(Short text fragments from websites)
++++++

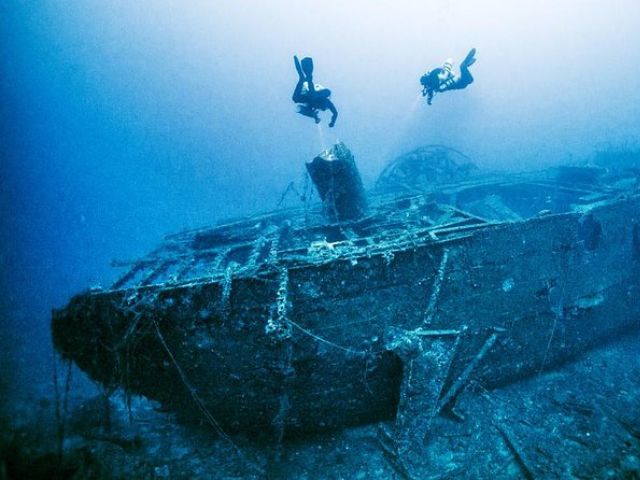 Shipwreck Diving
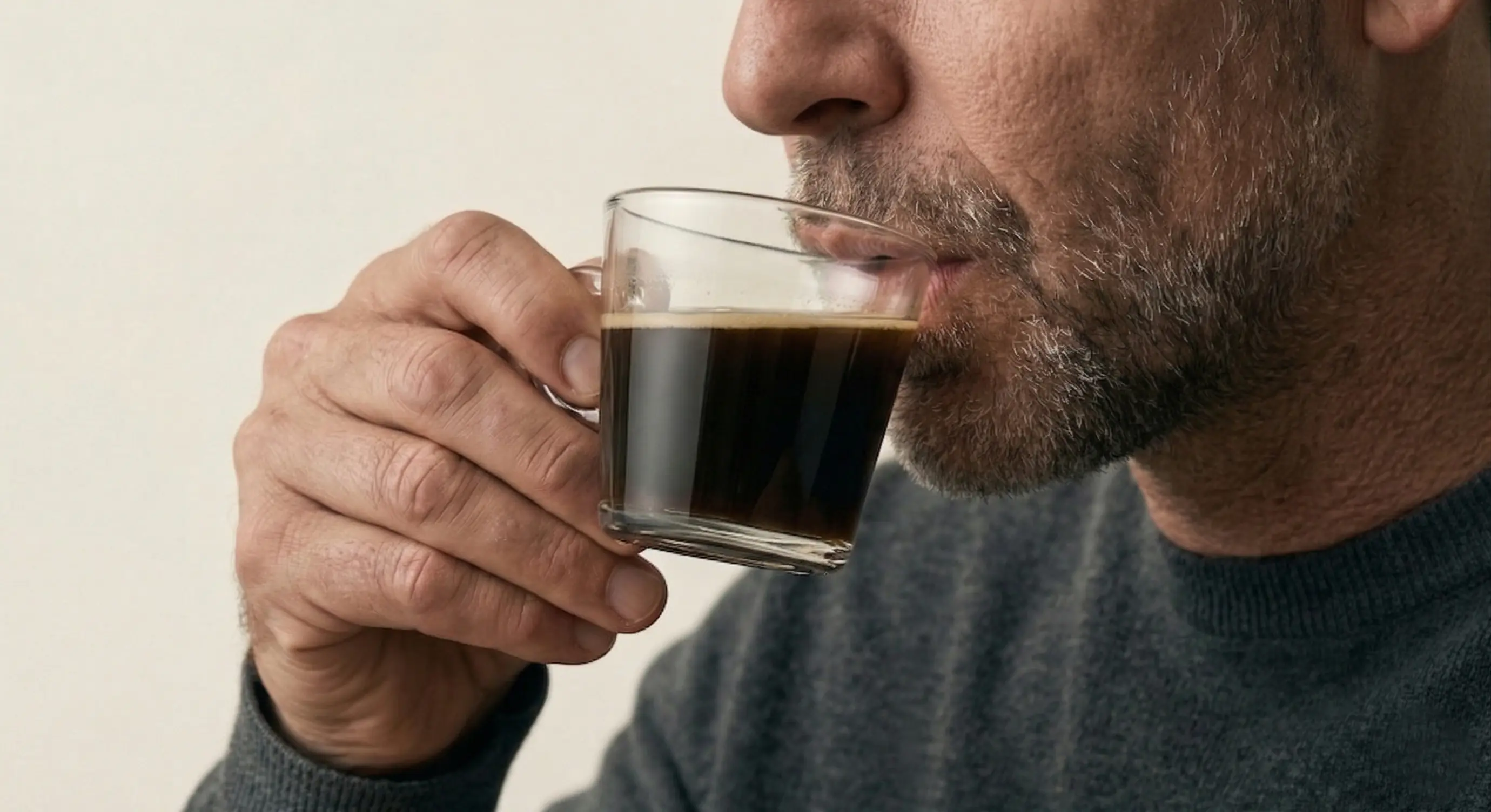 LLAGOX dissolving seamlessly into morning coffee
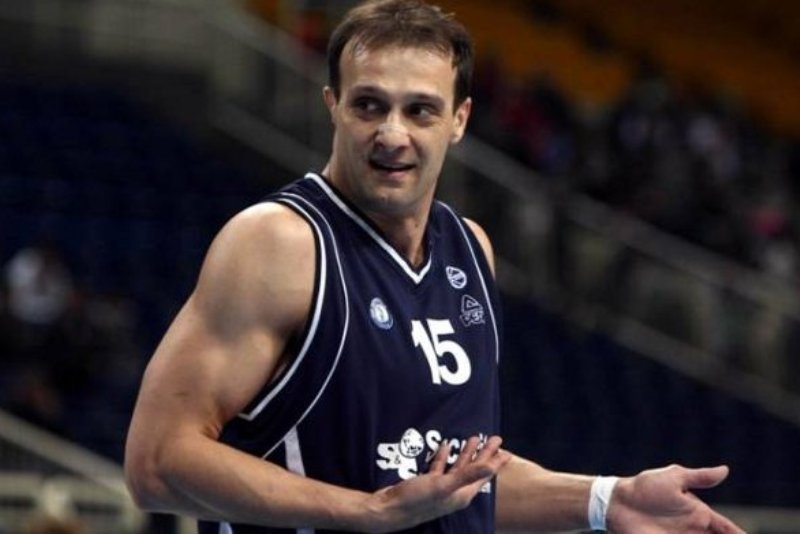 Έκλεισε Δέσπο, παίρνει Βουκαντίνοφ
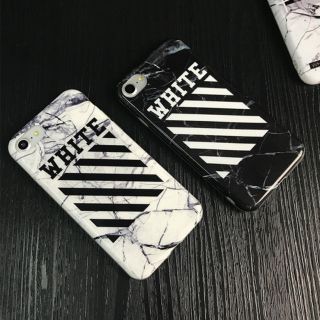 オフホワイト(OFF-WHITE)のレブロン様専用(iPhoneケース)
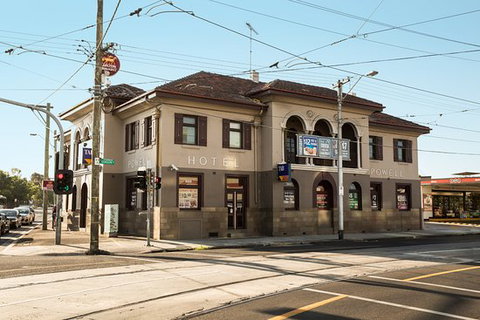 Castello's Powell Hotel - Accommodation ACT 0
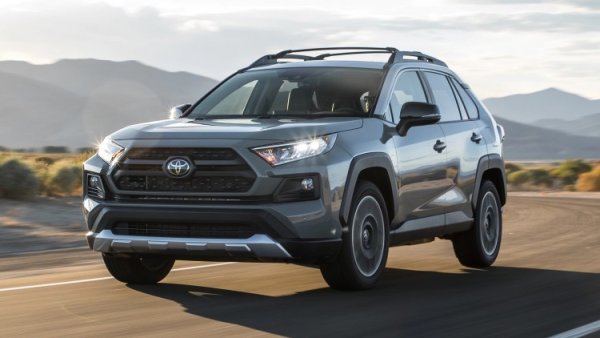 Цели 64 процента, или 129 автомобила ръст за RAV4 в сравнение с първите седем месеца на миналата година. Японският кросоувър избегна драстичните промени в цените при повечето конкуренти и сега е между най-евтините предложения в сегмента си. 
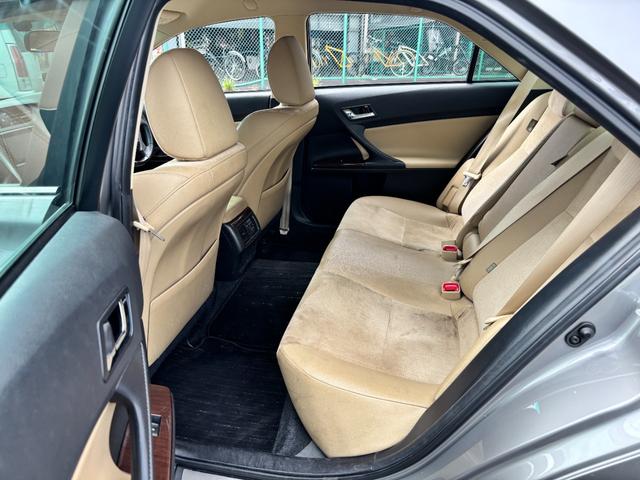 マークＸ プレミアム　１オーナー　禁煙車　社外ＳＤナビ　スマートキー２個　ノーマルクルコン　ＥＴＣ　パワーシート　シートヒーター　ハーフレザーシート　ＣＤ／ＤＶＤ再生可　フルセグＴＶ（19枚目）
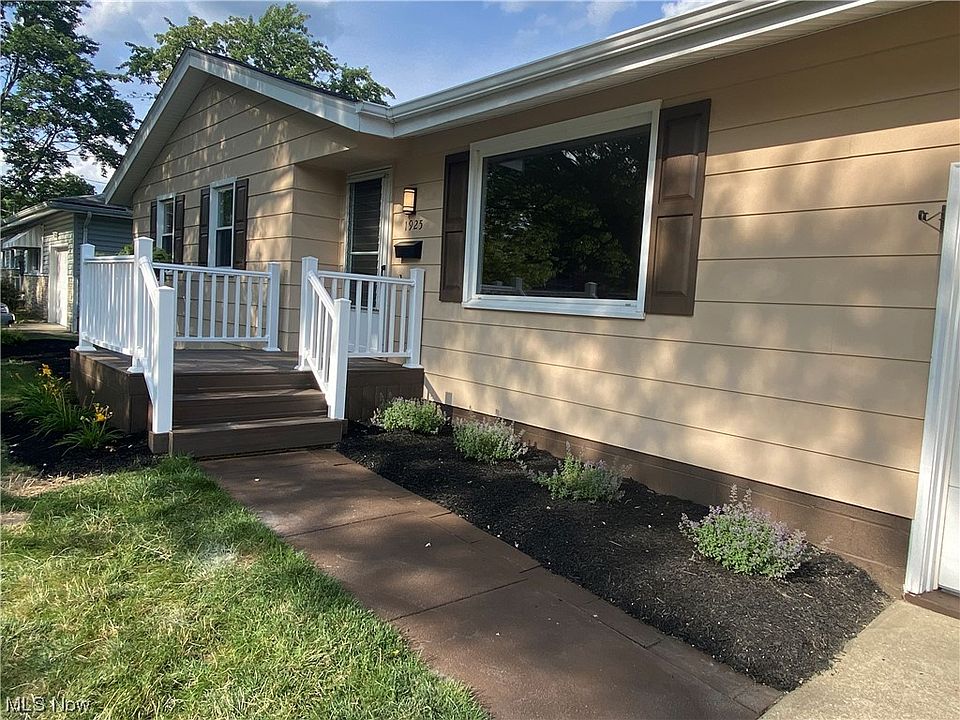 1925 Innwood Dr, Youngstown, OH 44515 Zillow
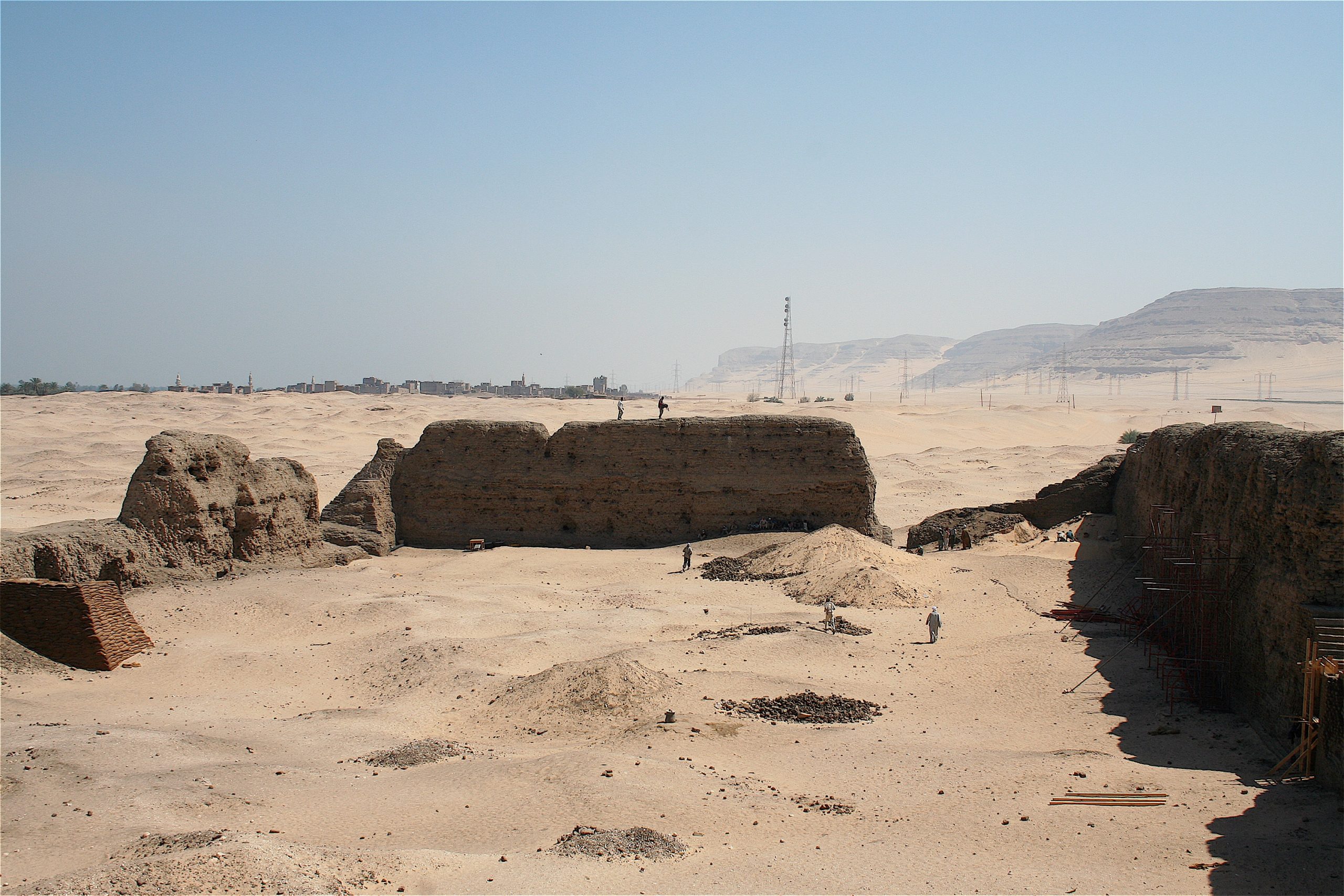Interior view of standing enclosure of Khasekhemwy (Shunet), Early Dynastic, Abydos, Egypt ((photo: Dr. Amy Calvert)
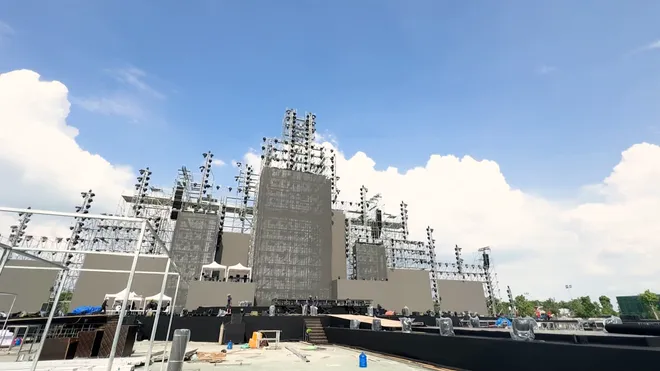 Rhyder đội nắng gắt tập luyện cho V Fest - Vietnam Today - Ảnh 9.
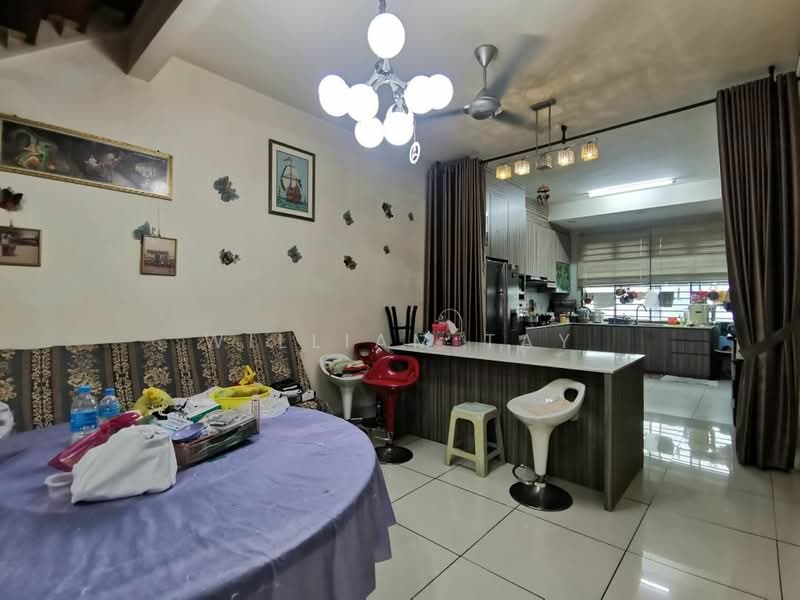 Rumah Teres 2 Tingkat untuk Dijual di Taman Sutera Utama (Skudai) - William Tay - Living Room - PropertyGuru.com.my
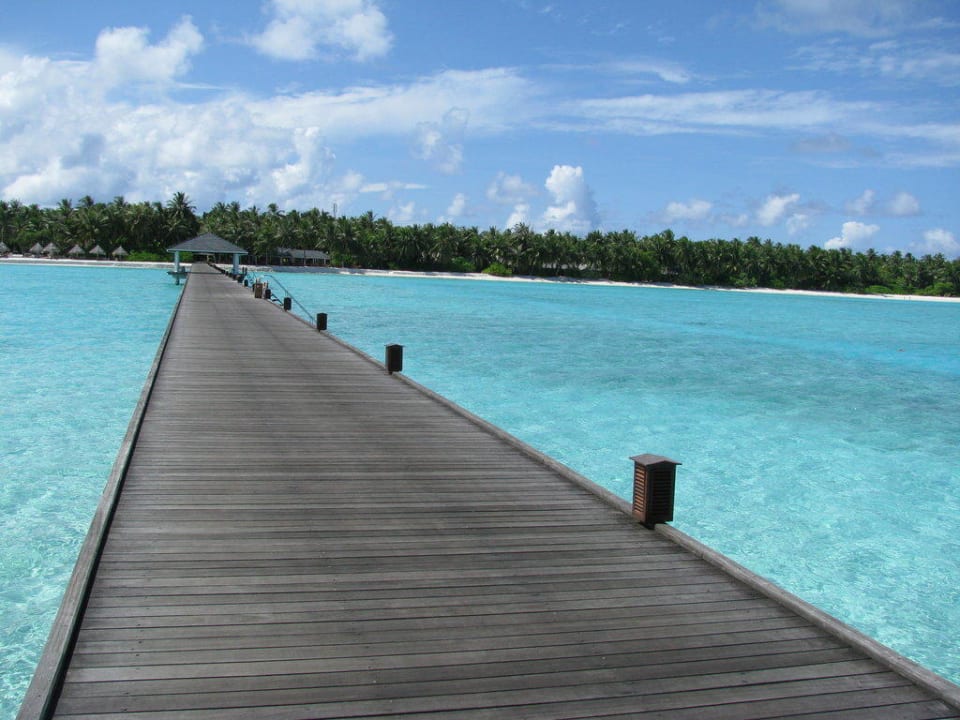 Blick auf die Insel vom Hauptsteg Villa Park Sun Island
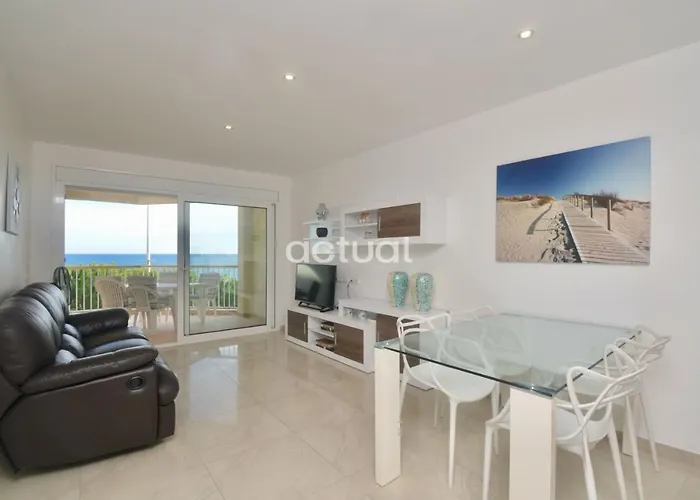 Apartment Catalunya A-3 *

++++++

ABOUT THIS EXERCISE.
With the pictures left out, copy exactly the lines from the line holding "Blick auf die" through the final line of the records, including both.

TASK RESPONSE.
 Blick auf die Insel vom Hauptsteg Villa Park Sun Island
 Apartment Catalunya A-3 *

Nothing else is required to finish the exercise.